Extending the kernel with eBPF

Android includes an eBPF loader and library that loads eBPF programs at boot time to extend kernel functionality. This can be used for collecting statistics from the kernel, monitoring, or debugging.

About eBPF

Extended Berkeley Packet Filter (eBPF) is an in-kernel virtual machine that runs user-supplied eBPF programs that can be hooked to probes or events in the kernel, collect useful statistics, and store the results in rich data structures. A program is loaded into the kernel using the bpf(2) syscall and is provided by the user as a binary blob of eBPF machine instructions.

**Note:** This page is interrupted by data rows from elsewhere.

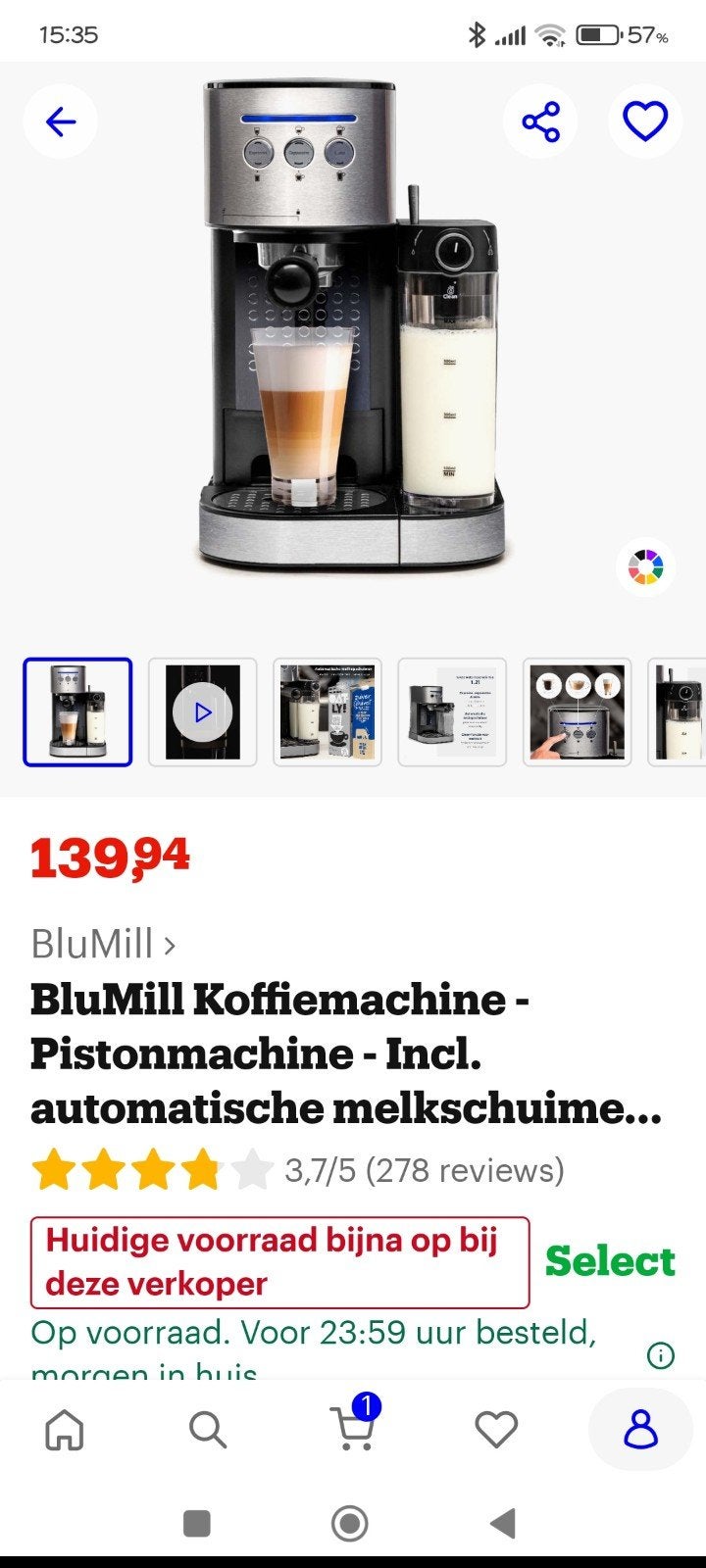 BluMill cappuccino latte machine met Melkopschuimer, Ophalen, Espresso apparaat, 10 kopjes of meer, Nieuw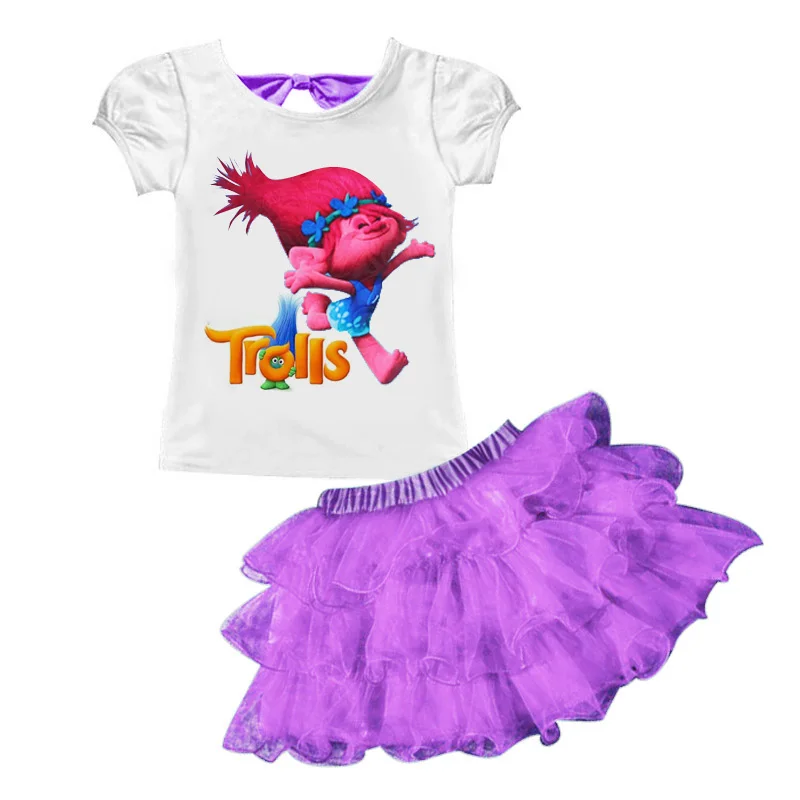 Purple Детская одежда; коллекция года; летняя одежда для девочек; комплект из футболки и юбки; детская одежда; Спортивный костюм для девочек; комплект одежды для маленьких девочек - Цвет: Purple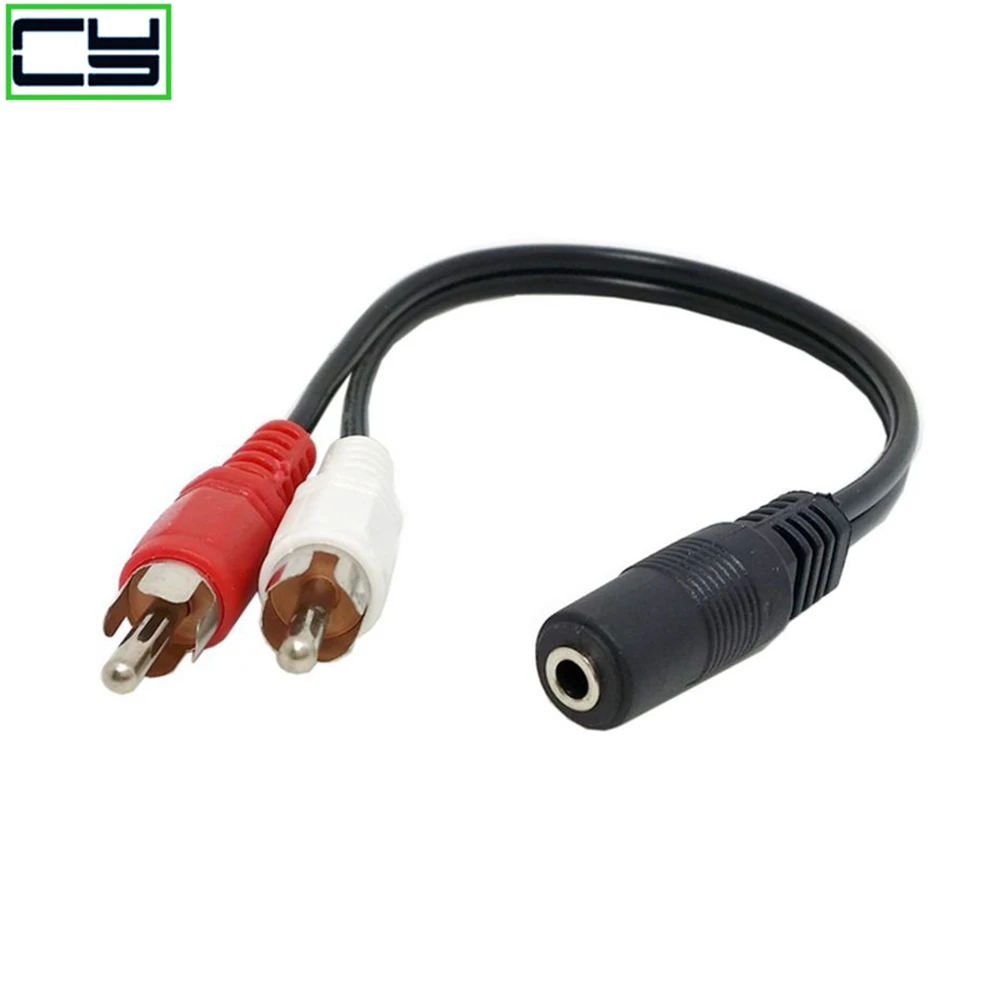 Universal RCAแจ็คสเตอริโอ 3.5 มม.สายสัญญาณเสียงหญิง 2RCAชายซ็อกเก็ตหูฟัง 3.5 AUX Y AdapterสำหรับDVDวงจรขยาย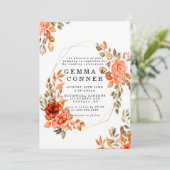 Herfst Dark Red Oranje Floral Gold Wedding Invitae (Staand voorkant)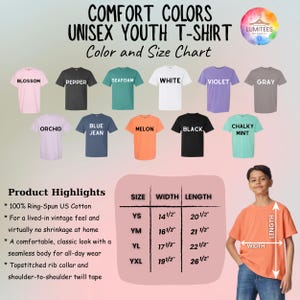 May include: A color and size chart for Comfort Colors unisex youth t-shirts. The chart displays various t-shirt colors, including Blossom, Pepper, Seafoam, White, Violet, and Gray. Product highlights and size measurements are also shown.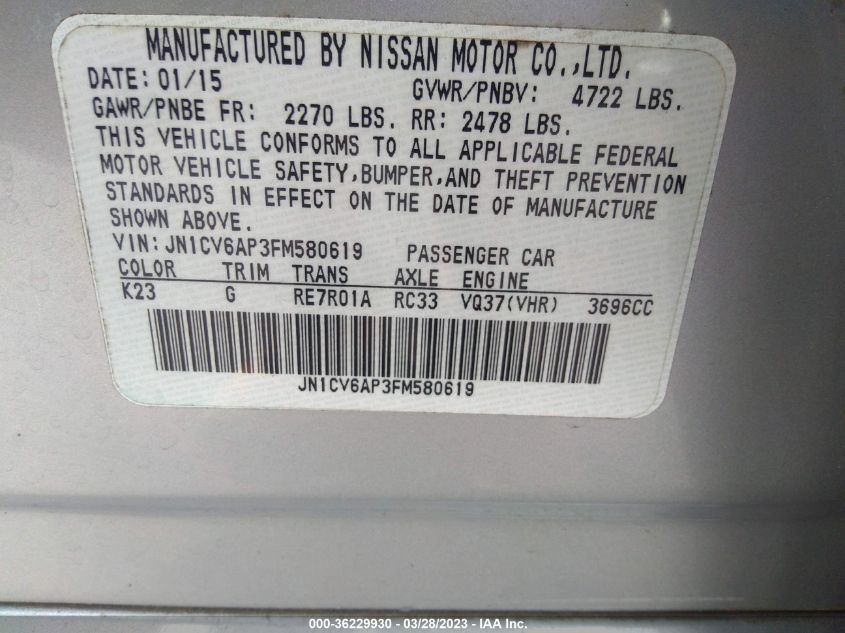 2015 INFINITI Q40 JN1CV6AP3FM580619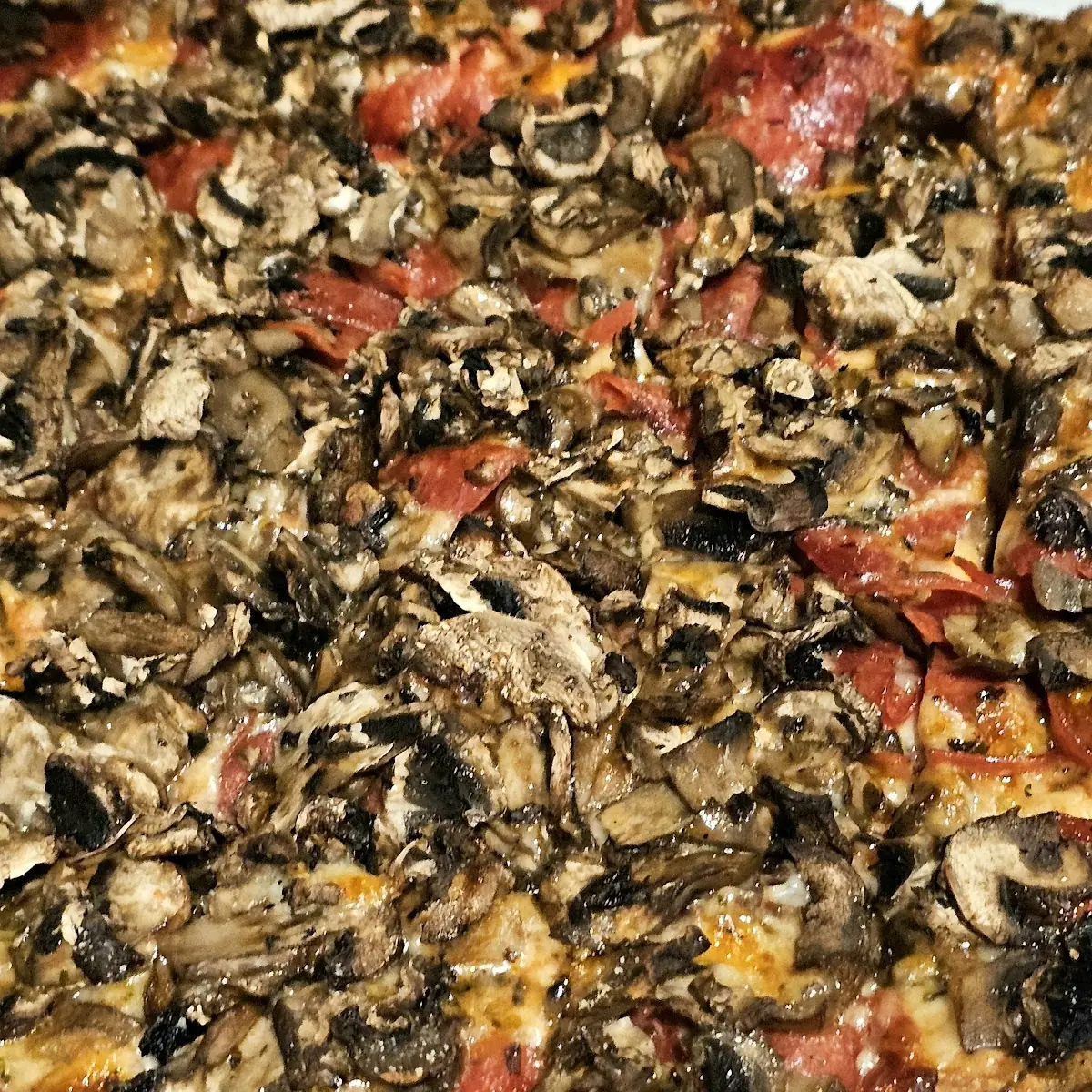 Pepperoni and Fresh Mushroom Pizza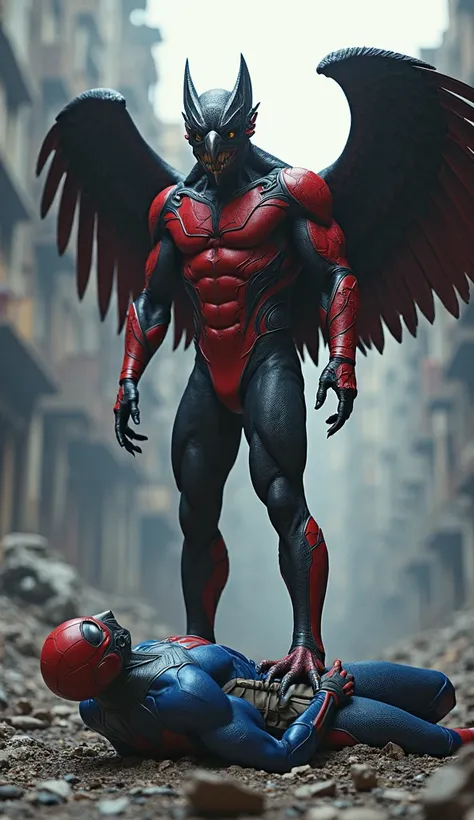 The previously created humanoid vulture is now standing on top of the superhero, The vulture wears clothes in red and black and the superhero blue and white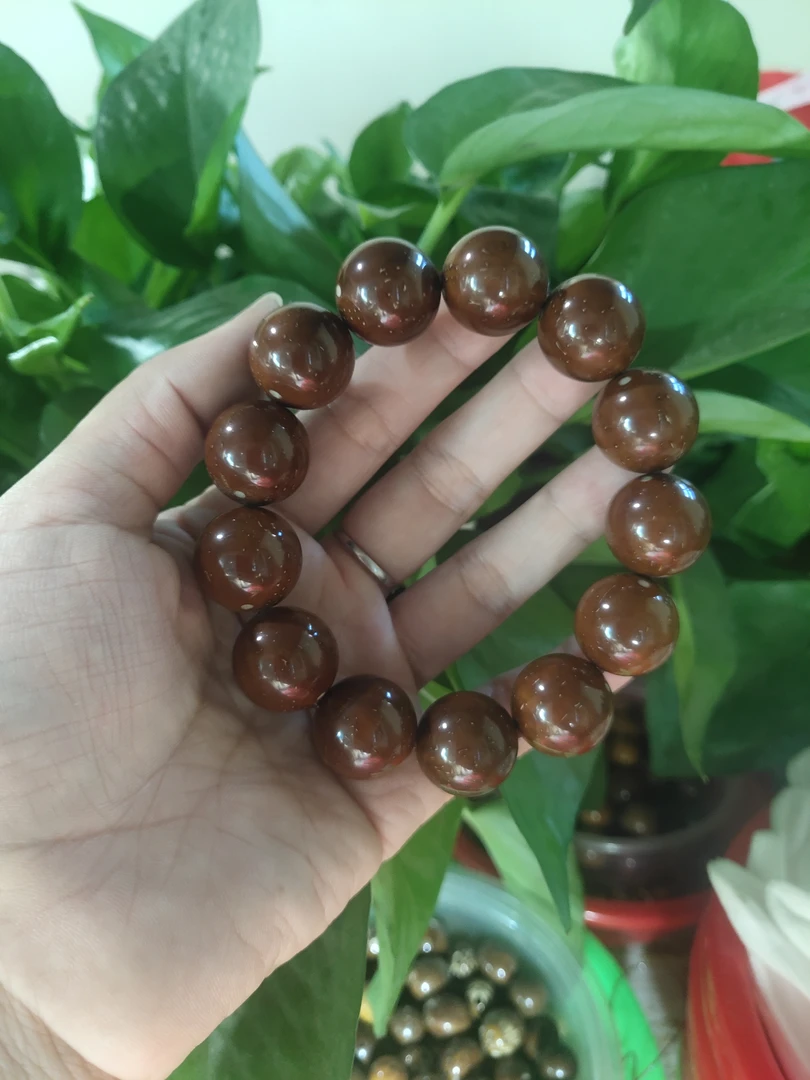 招财紫金鼠大光珠手串 精品料大光珠18尺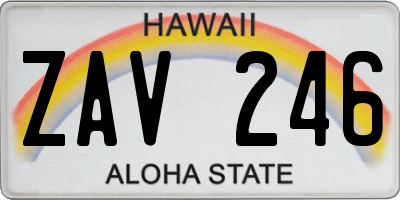 HI license plate ZAV246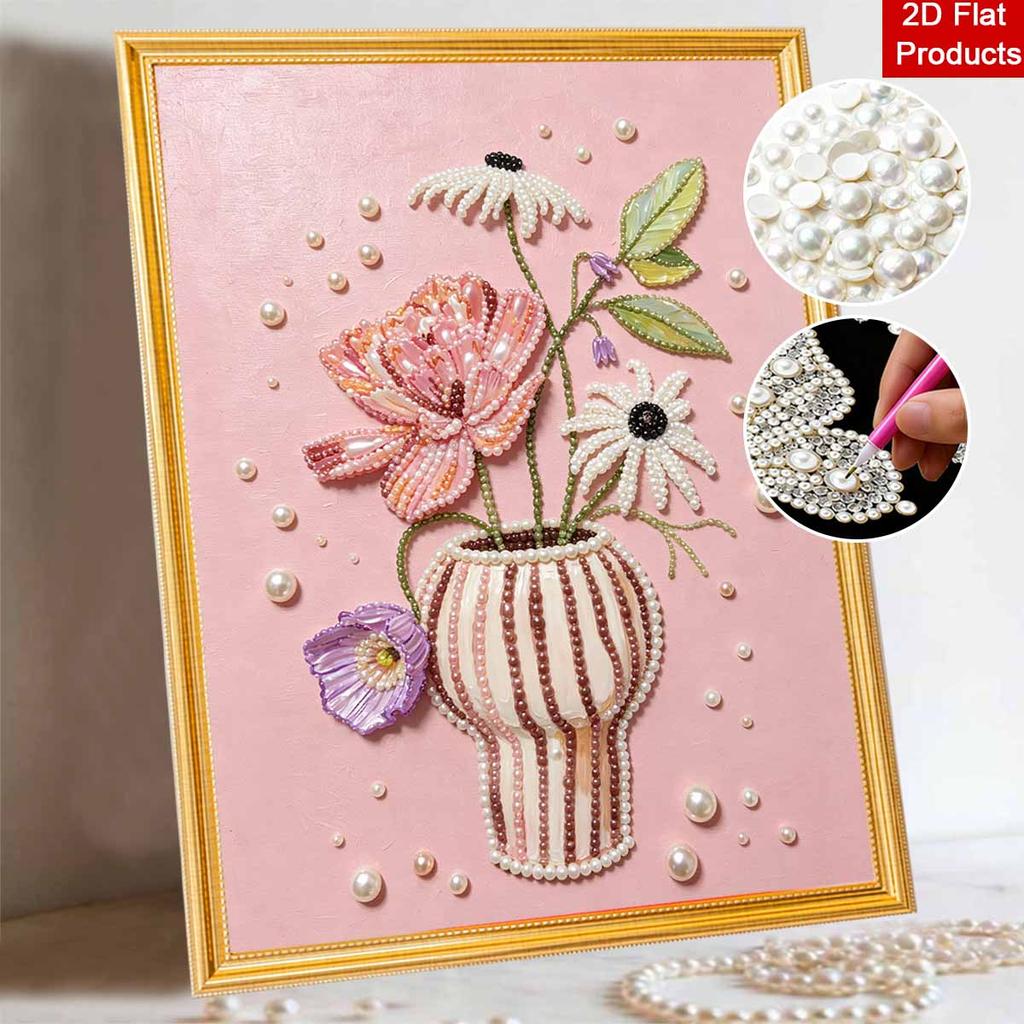 Einfaches DIY-Rahmen-Perlenmalerei-Set mit schöner rosa Blumenvase 3D-Glitzer-Leinwandkunst für Heimdekoration Geschenkidee
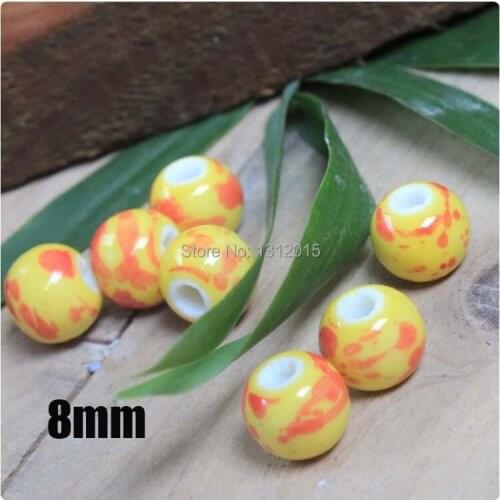 On sale Chinoiserie 8/10/12mm 50pcs Yellow Porcelain Ceramic round Beads,Red Spotted pattern Spacer beads Free shipping YS0007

The Android build system has support for compiling C programs to eBPF using simple build file syntax described later.

More information about eBPF internals and architecture can be found at Brendan Gregg's eBPF page.

Android BPF loader

During Android boot, all eBPF programs located at /system/etc/bpf/ are loaded. These programs are binary objects built by the Android build system from C programs accompanied with Android.bp files in the Android source tree. The build system stores the generated objects at /system/etc/bpf, and they become part of the system image.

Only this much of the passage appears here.